| ACTIVITY |
Here the whole listing must be retyped exactly, with no line omitted.

| DATA PROVIDED |
##############################

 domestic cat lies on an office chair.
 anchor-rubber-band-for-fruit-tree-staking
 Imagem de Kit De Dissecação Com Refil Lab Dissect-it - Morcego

##############################

| RESPONSE TO THE EXERCISE |
 domestic cat lies on an office chair.
 anchor-rubber-band-for-fruit-tree-staking
 Imagem de Kit De Dissecação Com Refil Lab Dissect-it - Morcego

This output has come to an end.